Refine Your Ideas by Building a Creative Brain Trust

Maybe you’re stuck on an idea. Maybe you’re too close to a project. Maybe you just need a little bit of perspective on something you’re working on. If you’re working on something creative, an outside perspective can be just what you need to improve your ideas and get back on track. According to Ed Catmull, the president of Pixar Animation and Disney Animation, the best way to get that perspective is by building a brain trust.

What’s a Brain Trust?

A brain trust is a group of people who engage in pure and efficient brainstorming without feeling pressured to keep great ideas to themselves. Anyone, from janitor to CEO, can be a part of your brain trust, as long as they do these two things:

  • Help you think smarter
  • Put lots of solutions on the table in a short amount of time

The brain trust concept finds its roots in Pixar’s animation studio. During the creation of Toy Story, the studio’s first feature-length film, the five men who led and edited the production found themselves coming together to candidly discuss the movie’s progress. Being able to freely discuss ideas without arguing or allowing personal issues to thwart meaningful communication led to an abundance of great ideas.

Seeing the success of the brain trust in creative endeavors, Pixar attempted to apply the same concept to its technical branch. Unfortunately, the results weren’t quite as good. This led to another conclusion about creating a successful brain trust: the trust can have no authority over the outcome.

When a Pixar brain trust meets, no one in the group has the power to force the director to make certain changes. Instead, it’s up to the director to take what he needs from the discussion. No one feels defensive or undermined, leading to a more productive dynamic.

Why do Brain Trusts Work?

Ed Catmull puts it best:

“You are not your idea, and if you identify too closely with your ideas, you will take offense when they are challenged.”

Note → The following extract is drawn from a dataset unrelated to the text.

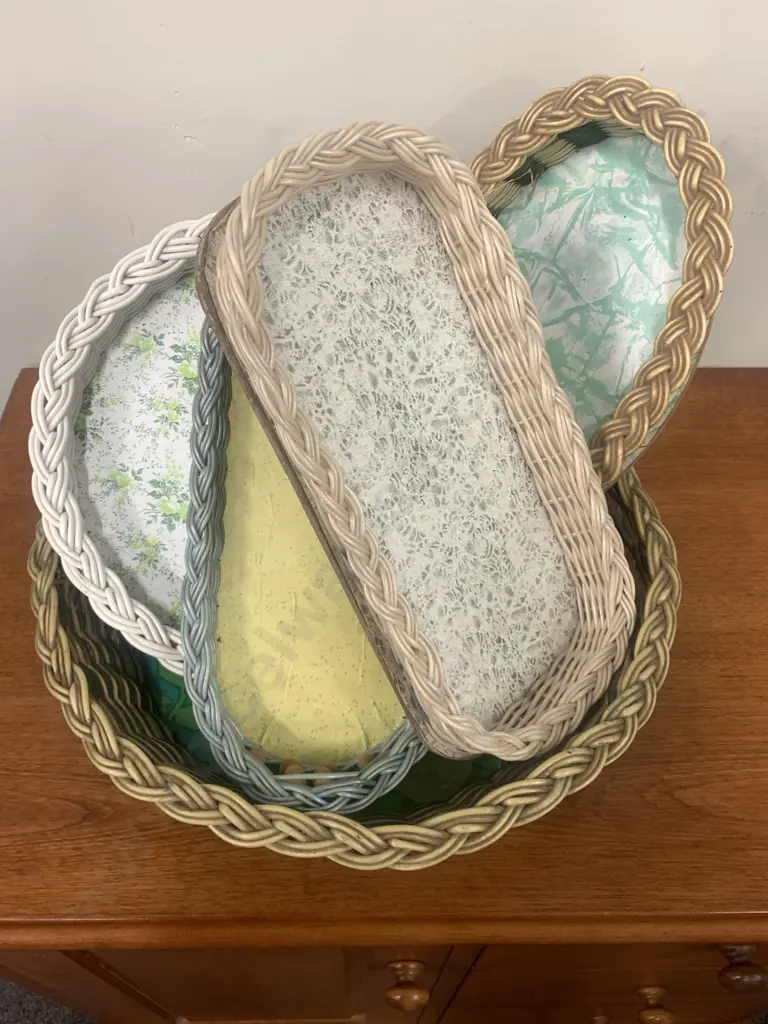 Assortment of Retro Cane Trays & Basket Image 1++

It’s easy to get wrapped up in something you’re creating, and having people assess and challenge your creation can be excruciating. A well-managed brain trust provides a way for an idea itself to be examined, not the person who creates it. By maintaining an environment where the people who assess an idea have no authority over the creator, the creator is able to benefit from a new perspective without feeling defensive.


The key to creating a successful brain trust is candor. Being able to speak openly leads to new ideas and helps to bring new life to old ones. Creating a highly functioning brain trust leads to an environment where candor is rewarded. Managers can cultivate this type of environment by making sure everyone in the group has a chance to use their voice rather than stepping in and solving problems themselves.

“If you give a good idea to a mediocre team, they will screw it up. If you give a mediocre idea to a brilliant team, they will either fix it or throw it away and come up with something better.”

By bringing the right people together and maintaining an open and productive dynamic, a creative brain trust is a great way to refine creative ideas.